Install the uv package manager for your operating system using the following link: https://docs.astral.sh/uv/getting-started/installation/

Then run:

uv venv
uv sync

This will install the needed dependencies for you automatically. Alternatively, if you prefer to use the pip package manager, simply initialise a new virtual environment, then run:

uv pip install -r requirements.txt

And if you would still prefer to use the original pip or pip3 package manager (but really, why are you fighting me on this?), you may simply execute the following command:

pip install -r requirements.txt

Note: All our imports are absolute to avoid strange import errors in Python, and all scripts are run as modules in testing using the -m flag. We recommend you do the same.

Running Inference

To use our best model and reproduce the accuracy result, simply run this in command line:

uv run -m src.models.eval

Reproducing Experiments

To reproduce our best-performing experiment, execute the following:

from src.models.grid_search import GridSearchManager
from src.utils.helpers import load_data_splits

logger.info("Loading data for Grid Search Test...")
train, val, test, encoded = load_data_splits(path="data/small/small_data.pt")
logger.success("Loaded training and validation datasets.")

config_file_path = "src/configs/experiments_shane.yaml"
# config_file_path = "src/configs/experiments_shayne.yaml" can be used too

search_manager = GridSearchManager(
    config_path=config_file_path, device="auto", seed=42
)

logger.info(f"Starting Grid Search test from {config_file_path}")
search_manager.run(train, val)

logger.success("Grid Search test complete")

Do note that the above code will run a full grid search on the stated hyper-parameters and may time a while to run, depending on your hardware.

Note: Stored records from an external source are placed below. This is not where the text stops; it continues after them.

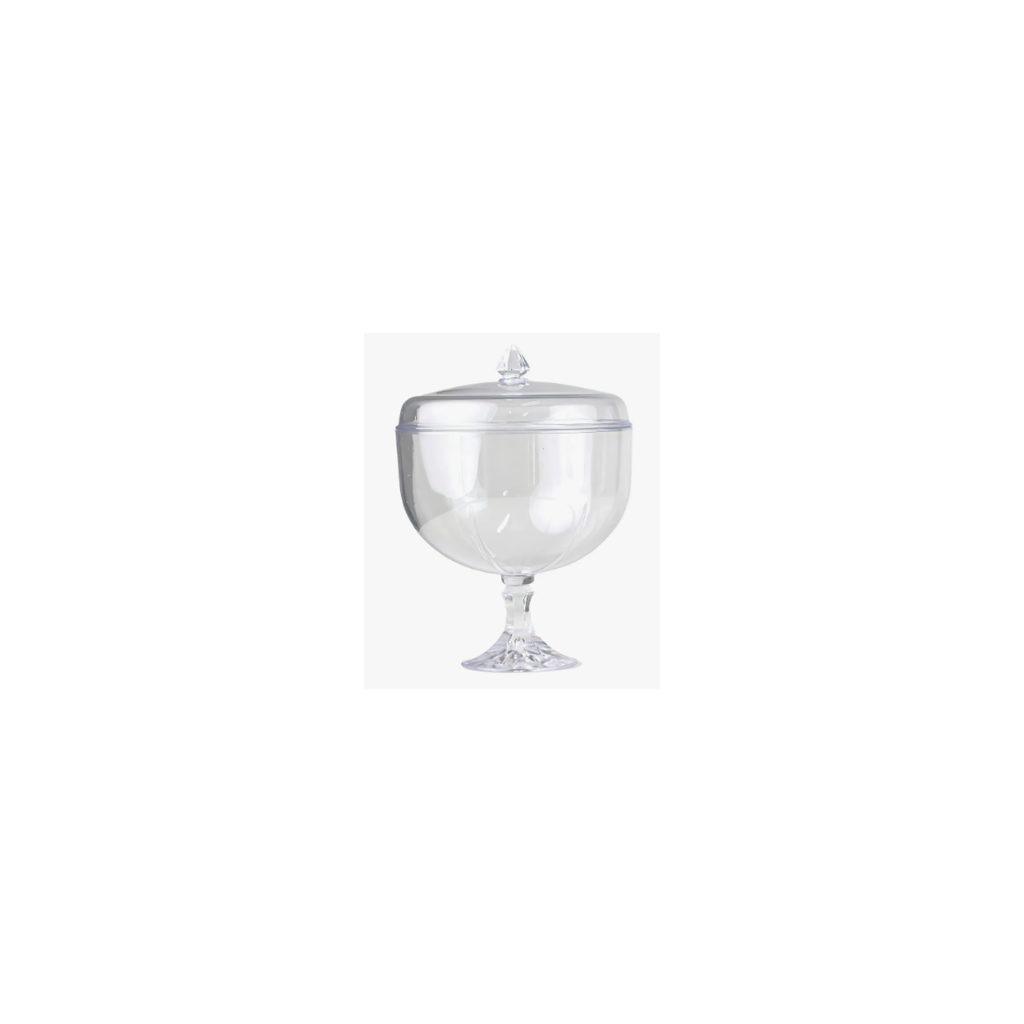 Taça Para Pavê Sobremesa Acrílico 1250ml Com Tampa Safira Cor Branco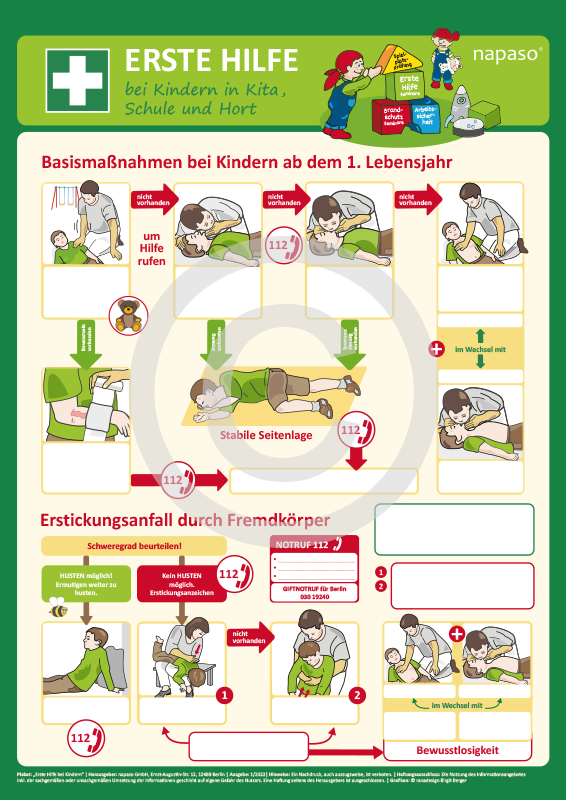 Erste Hilfe Plakat A1 für die Erste Hilfe Ausbildung (Kind)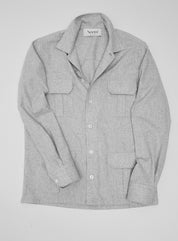 Recycled Italian Light Grey Flannel Over-Shirt
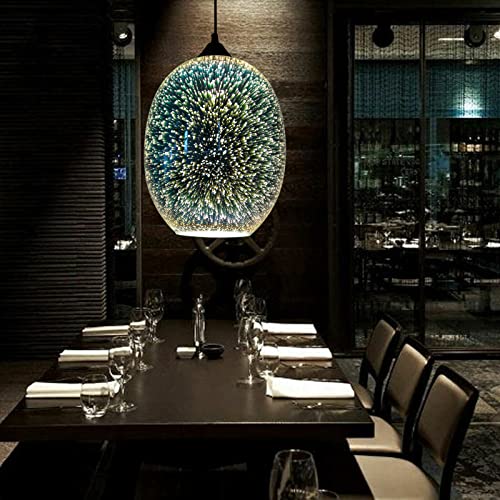 SOPERIT Lampes Suspendue 3D Lustre Coloré feux d'artifice Plafonnier Suspension en verre véritable Lampe suspendue Moderne Lampe suspendue
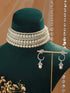 Pearl Beaded 7 Layered Minimal Luxe Choker with AD Earrings Jewellery Set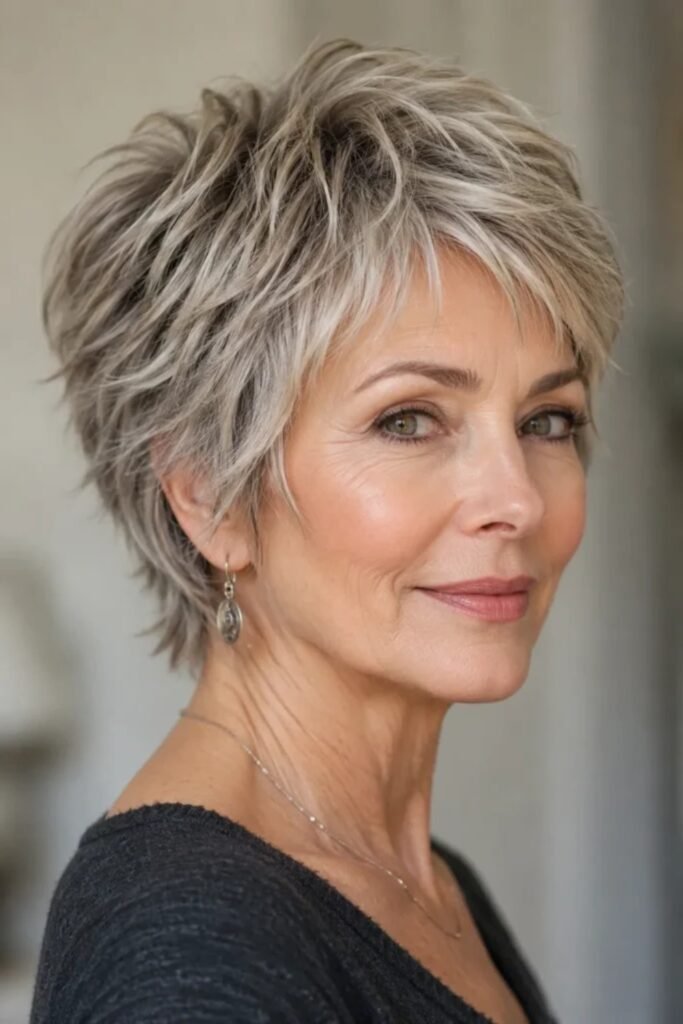 13. (Silver Ash Shag Pixie with Crown Volume)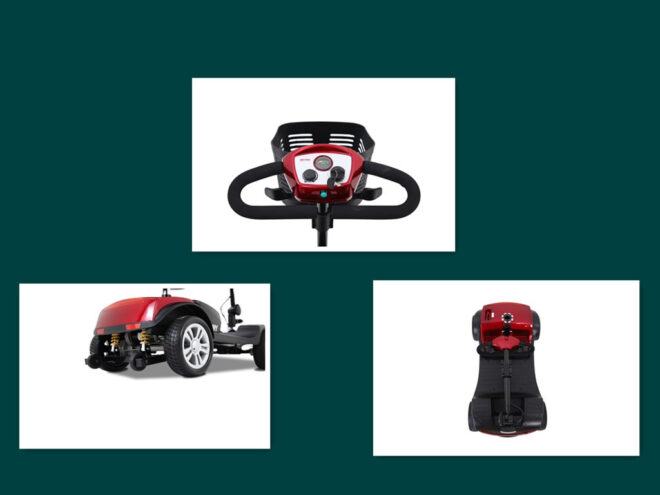 Four wheels Compact Travel Mobility Scooter with 300W Motor for Adult-300lbs, RED - Image 11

If you do not have a GPU on your device, we recommend using Google Colab, Kaggle or other free compute resources. Please also do not run a full grid search unless absolutely needed.

For those who wish to train a model using our architecture text8 dataset, we have made data preparation and model hyper-parameters easily customisable, however you will need to configure this yourself, and we cannot guarantee high performance off-the-shelf. You may need to run several experiments with different configurations before you achieve strong performance.

Below is an example of how to create dataset splits in our implementation:

from src.utils.helpers import save_text8_splits


with open("data/raw/text8", "r") as f:
    full_text = f.read()

max_size = 100000 # set  your preferred size here
data = full_text[:max_size]

save_text8_splits(
    text=data,
    path="data/small/small_data.pt", # change path as needed
    ratios=(0.8, 0.1, 0.1),
    segment_len=4096,
    context_size=128,
    seed=1,
)

This will create the dataset of the desired size and save it to the directory you specify in the save_path parameter. To load the dataset splits for downstream tasks, you may follow the simple implementation below:

from src.utils.helpers import load_data_splits, decode_dataset_texts

# get dataset splits
train, val, test, encoded = load_data_splits(path="data/small/small_data.pt") # change path as needed

# optionally, view short sections of the text with:
print("Training text preview:\n")
print(decode_dataset_text(train, max_chars=300))

print("\nValidation text preview:\n")
print(decode_dataset_text(val, max_chars=300))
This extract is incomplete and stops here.